Well more updates: Accountant, and accountants of other photographers I know, say that we have to charges sale taxes on all assets sales, whether it was brought into the business at startup or purchased used. So that means the invoice option is currently the only one I have that I understand that would work and include taxes.
Hi, @Kendricks866!
No, my understanding is that you have to account for the tax in all cases, except for the specific transaction where you(the person) are giving the camera to your business (since there's no cash transaction, it's just an investment of the camera's value). I'm very happy to hear you've reached out to an accountant, because my next reply was going to be "but we're not authorities on tax-related advice, so you're always better talking to an accountant when it comes to taxes".
In your P.S. case, your journal entry would end up looking like this:
Cash/bank: Debit - 1200
Accumulated depreciation: Debit - 500
Fixed asset (camera): Credit - 1500
Gain on disposal 200: Credit - 61.95
Sales Tax - 138.05
Although I'm fond a good IPA, I'm just happy to help! The best thing you can do to thank me is to be active on here and help other community members when you can!
I'll definitely try to be active as much as I can.
I do believe assets management in Wave should be a bit more documented, like the depreciation post that exists and is referenced early in this thread is the best available resource, but it's too limited.
Feels like what we've covered here, and I think this is where it's key, is the mechanics at the core of Wave, and it should be available in a series of posts and how-tos.
Like I was saying, I've had an accountant for over a year too, and they generally can't, or won't, help with Wave mechanics. They'll tell me 'yes, depreciate this amount', they'll tell me what the laws are, what I need to do, etc etc, but they won't tell me how that gets done within Wave. I feel it's a key element missing with the software at the moment, and I'm convinced many more are in my shoes.
Photographers might be a special kind of people with special needs, especially with assets, but I'm sure there are thousands of us out there trying to do exactly that.
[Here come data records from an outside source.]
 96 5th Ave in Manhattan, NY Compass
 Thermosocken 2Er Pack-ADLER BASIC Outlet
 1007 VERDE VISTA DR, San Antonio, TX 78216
Also I believe that last journal transaction described in your last comment is that last piece that was missing in my puzzle!
Thank you so much!
So just to confirm. Does this make sense? I feel the 1480$ total transfer is indicative of something that's been twisted around....
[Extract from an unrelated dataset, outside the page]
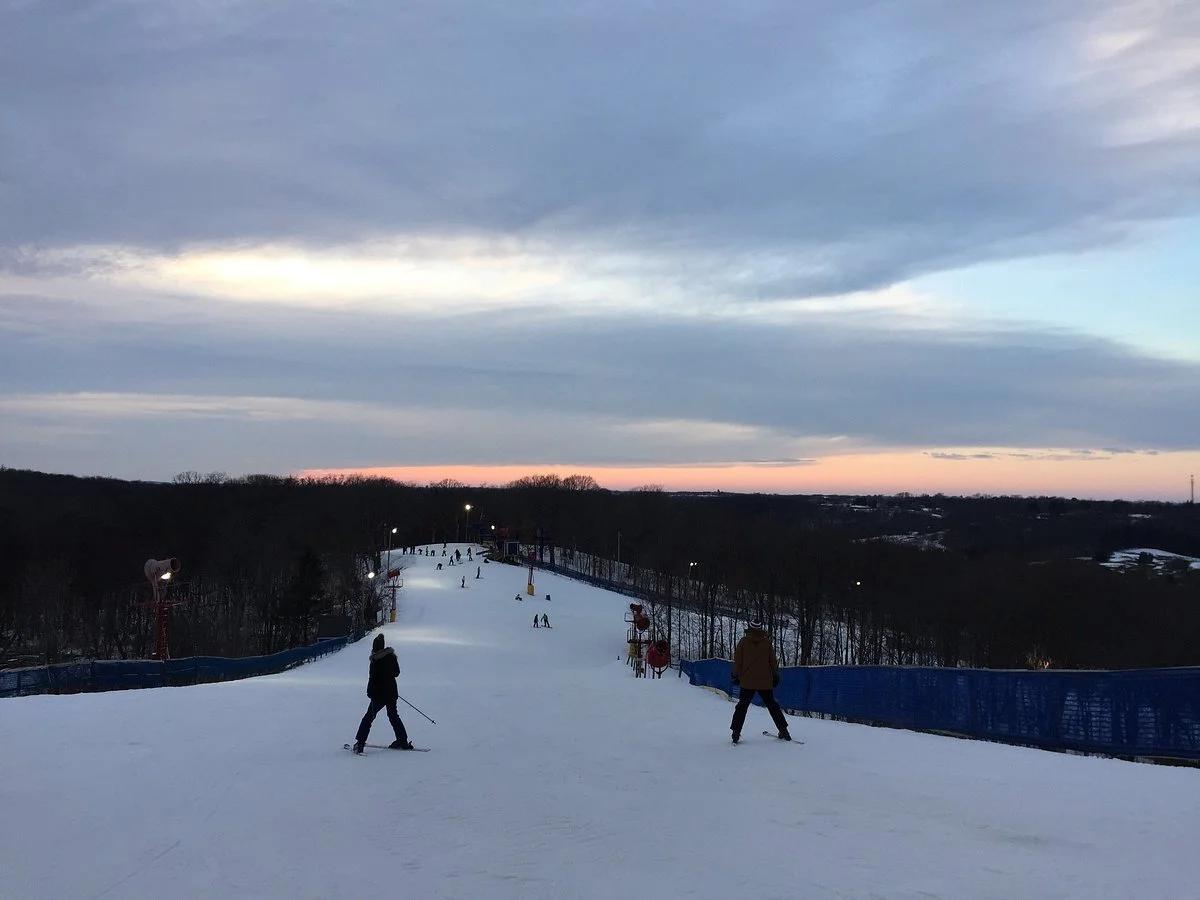 Alpine Valley Resort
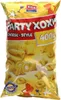 XOX Party XOXys Cheese Style Mais Snack mit geriebenem Käse Produktbild-Vorschau 3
The reports seem to be checking out though, so it might really be our winner.
First of all, @Kendricks866, thanks for the feedback!
It looks good to me at first glance. Let's see...
So it tells me that you paid $1000 for your camera, it depreciated for $280, so it's worth $720 now.
You've sold it for $1200, $138.05 of which is going to taxes, and you're making a profit, after taxes of $341.95.
If all of that is right, you are in the clear.
Yep that's pretty much it! FINALLY!
Now to serialize that process for all my assets, and boom!
I'll see if I have time at some point to draft up a bit of a how-to about all of this.
As an added suggestion, and it might be technically complicated, but an assets management tab where all this can get somewhat automated and managed(with options) could be a super solid addition to the software.
Would you like to start a discussion on that under Wave Features, @Kendricks866? You could elaborate a bit more on what you would want out of that and see if it can gain a bit of traction with other users.
Our product teams drop by that category fairly often, and it's absolutely the best way for your feature suggestions to get visibility!
Good idea. I'll see if I can flesh it out a bit more a bit later today.